Without being asked specifically about parental approval, 80.5% (n = 87 of 108) of the participants mentioned that their parents would not approve of their ATOD use. However, only 45% (n = 49) reported that their parents explicitly discussed the avoidance of ATOD use at all, and only 10% (n = 11) said their parents talked to them about it on a regular basis. Consequently, in trying to determine how adolescents perceive parental (explicit and implicit) messages about substances, we interpreted from the disclosures of the adolescents more implicit than explicit messages from parents about substances and substance use. These implicit messages included a feeling that the adolescents described having about their parents’ policy on ATOD use (e.g., “I just know they wouldn’t want me to”), nonverbal messages communicating disapproval/dislike/distaste of ATOD use, and the behavior of parental ATOD use. Moreover, many explicit messages were reported to be brief, blanket policies such as, “Just don’t do it,” rather than extended explicit conversations about reasons not to use ATODs or consequences of ATOD use. Therefore, adolescent perceptions of the sophistication and elaboration of direct messages were often approximately the same as their inferences based on parental behavior (implicit messages) with ATOD use.
Recurrent Themes
A number of interpretive, descriptive themes were extracted from the whole body of interviews, superseding categorical distinctions, including perceptions of positive parental influence, perceived contradictions, and perceived negative outcomes of use. Baxter (1991) defines themes as threads of meaning that recur in domain after domain. Therefore, themes were constituted from data across all four categories of ATOD use/nonuse.

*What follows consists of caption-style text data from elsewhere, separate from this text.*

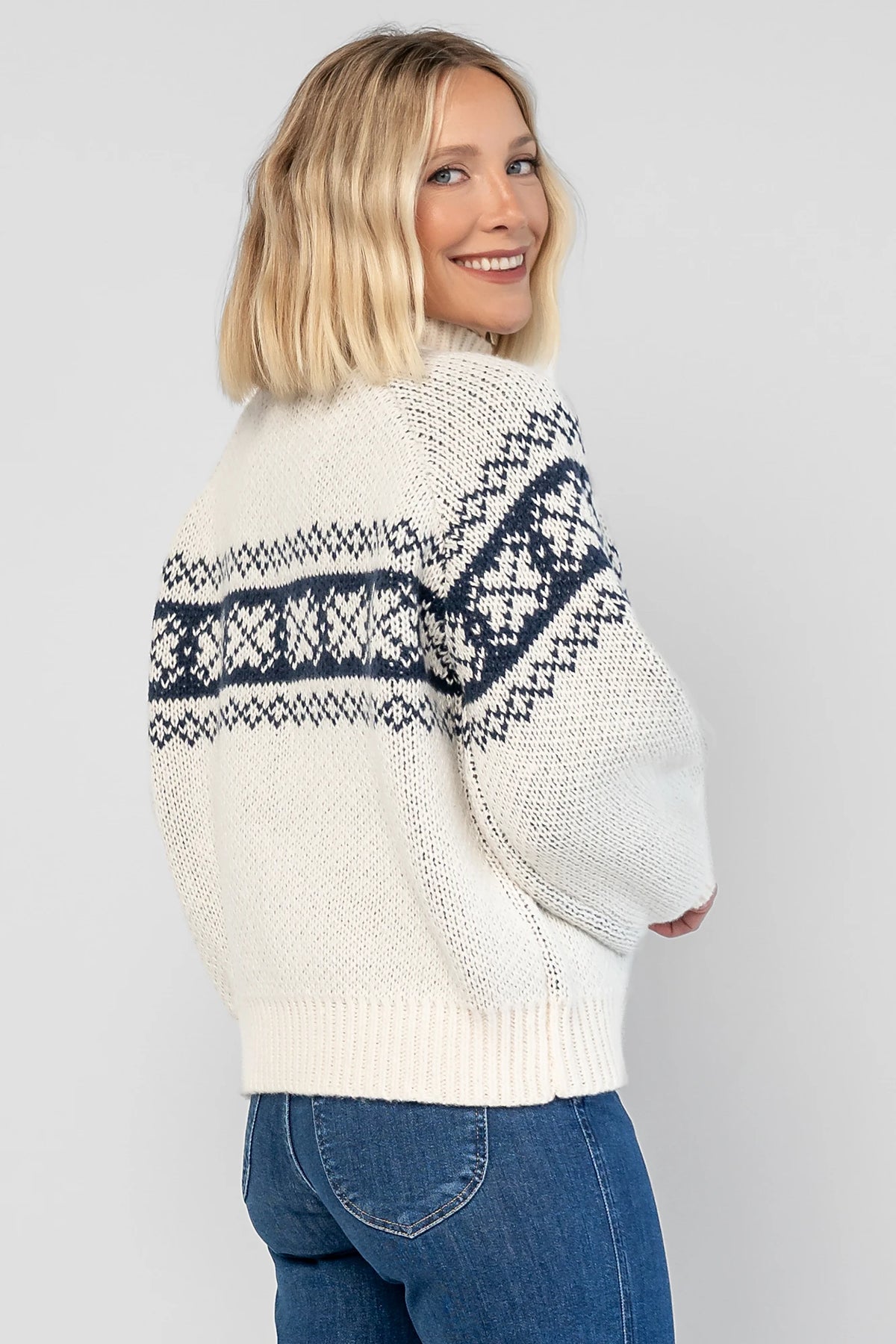Neve Sweater Jacket | Cream + Navy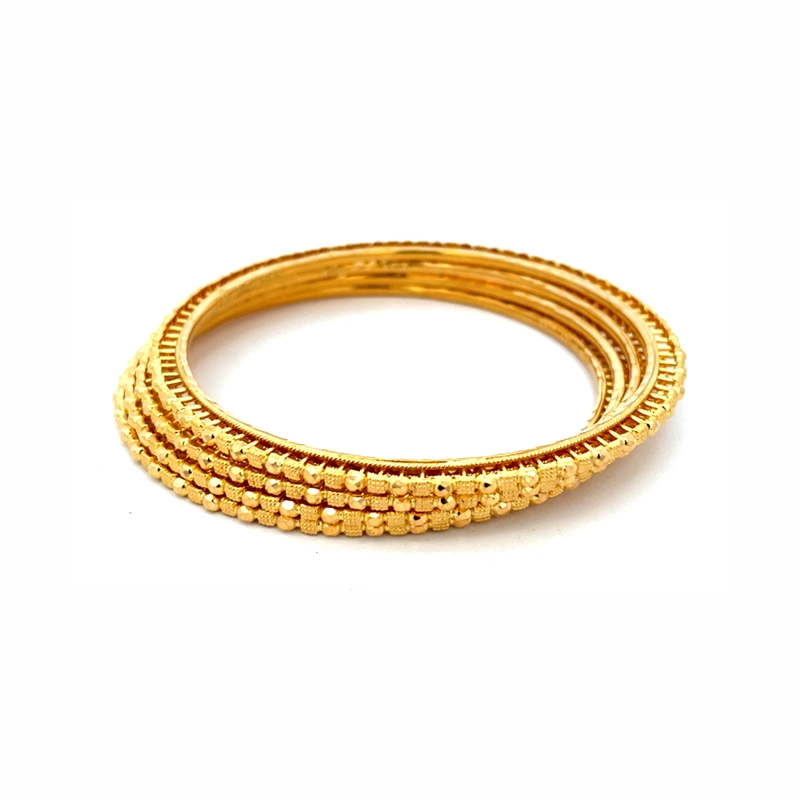 Beaded Thin Gold Bangles Set of 4, Size 2.6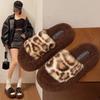 2025 New Women's Fluffy Mop Fashion Versatile Autumn and Winter Wear Internet Celebrity Korean Version Fluffy Leopard Print Cotton Slippers
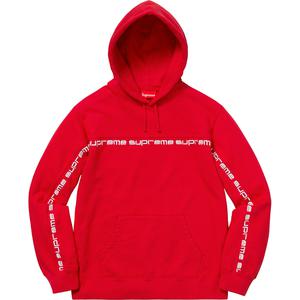 supreme text stripe hooded sweatshirt black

Perceptions of positive parental influence
The first theme (recurrent thread of meaning) that emerged in this dataset was perceptions of positive parental influence. This theme was present in each of the three parental use/adolescent use categories observed, and within the unspecified category of the interviews. The variety of adolescent interpretations of parental behaviors was intriguing, because both adolescents whose parents used ATODs and adolescents whose parents did not use discussed their perceptions of their parents as a positive influence. The participants discussed parents as positive influences on both abstention and experimentation. Participants reported that parents provided direct and indirect messages--through explicit directives, stories of past experiences, and their actual use or abstention--that both deterred and condoned adolescent ATOD use. Therefore, this theme was divided into two subthemes: parents as a positive influence on adolescent abstention and parents as a positive influence on adolescent experimentation.
Parents as a positive influence on adolescent abstention
When discussing who in their life has been a “good influence” and who helps them make healthy choices, many adolescents discussed parents. For example, one 14-year-old male who had tried alcohol and got sick the first time he drank discussed how his mother’s explicit communication influenced his decision not to use ATODs in the future:
Uh, my parents, ‘cause my mom doesn’t want me to smoke, like, cigarettes or become an alcoholic or a druggie or anything. So, I try to make her happy … Uh, she just sets down and tells me that I shouldn’t try it and she had me promise her that I wouldn’t, at least not until I’m an adult. I don’t think I’m gonna try it then either. (O21)
He did not specifically discuss whether or not his parents used any ATODs; yet, he perceived that his mother had directly communicated anti-drug messages that would influence his future decisions not to use. This, however, had not deterred him from trying alcohol at least once already. He perceived that his parents were the ones who influenced his ATOD decisions the most.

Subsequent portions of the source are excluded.